Pero resultó que en el Internet tampoco se salvó de la letanía a la que tanto huía. Al iniciar su messenger vio varias notificaciones de correos nuevos con la palabra "Influenza" incluida en el asunto. Comenzó a leer algunos mensajes que el mismo Ro había reenviado a todos sus conocidos, en orden de aparición:

- ¡Cuidado con el virus de la influenza!
- Peligro de epidemia por influenza, favor de seguir recomendaciones
- La mentira de la influenza
- Complot internacional: influenza
- ¿Verdad o mentira? saque sus conclusiones acerca de la influenza

Lo que la motivó a seguir leyendo fue que cada vez encontraba más mensajes contradictorios. Algunos de los mensajes incluían enlaces a videos que despertaron el interés de Diana, recordándole debates buenísimos en la clase de la maestra Carmen, donde se hablaba de política, historia, democracia y hasta conspiraciones. El primero de esos videos fue "The shock doctrine":




Diana podría ser una adolescente enamoradiza, pero ese día, su curiosidad y sed de verdad habían sido liberadas como dos leones hambrientos... Se puso a buscar noticias en diferentes medios, así como le había enseñado su maestra Carmen, y descubrió tal cantidad de cifras y sugerencias contradictorias emitidas por parte de diferentes autoridades, que sintió miedo, no ya de la epidemia, sino de lo que hubiera detrás de ella.

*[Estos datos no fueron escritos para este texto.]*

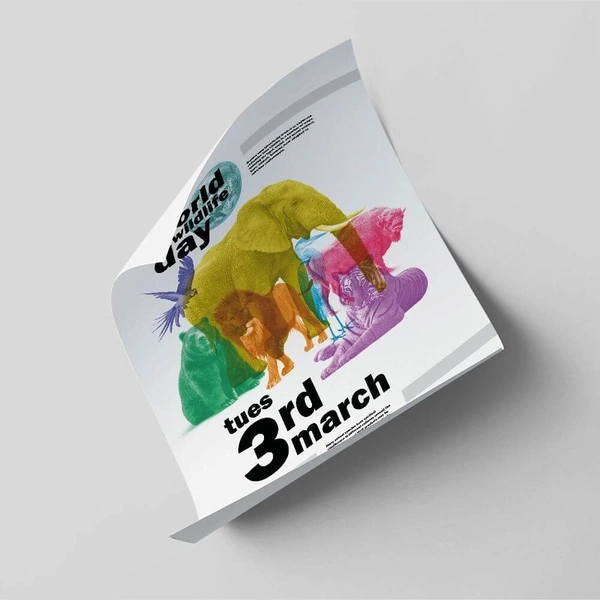 Budget Flyer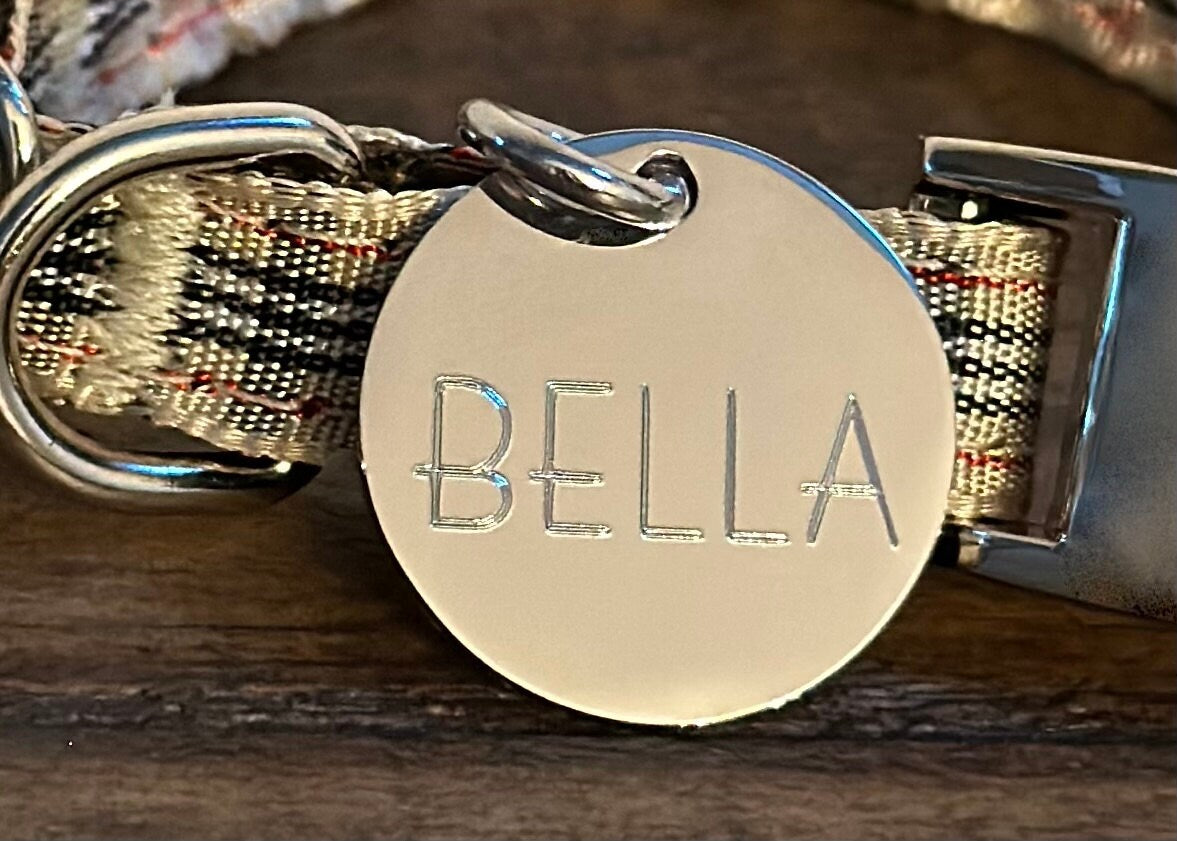 Small Silver Stainless Steel Round Pet ID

Obama había visitado recientemente México y se había reunido con el presidente Calderón, se hablaba de una crisis financiera desde finales del año anterior, las grandes empresas multinacionales dejaban de ser rentables... En México se seguía insistiendo en que se tenían las medidas para soportar ese problema y se seguían poniendo los reflectores en el tema de la inseguridad por el narcotráfico... Ahora todo era diferente, los reflectores apuntaban a un extraño virus que estaba matando gente, pero nadie decía exactamente en cuáles hospitales, ni bajo qué condiciones, ni siquiera podían ponerse de acuerdo en las cifras. Aún así, las fronteras se cerraban, la actividad económica se detenía y ella no podría regresar a la escuela con Ro hasta una semana después.

Si esta epidemia era una conspiración, entonces "el chupacabras", "la mataviejitas" y "los náufragos" no eran más que distractores made in México de baja categoría, esto de la influenza porcina era de orden mundial.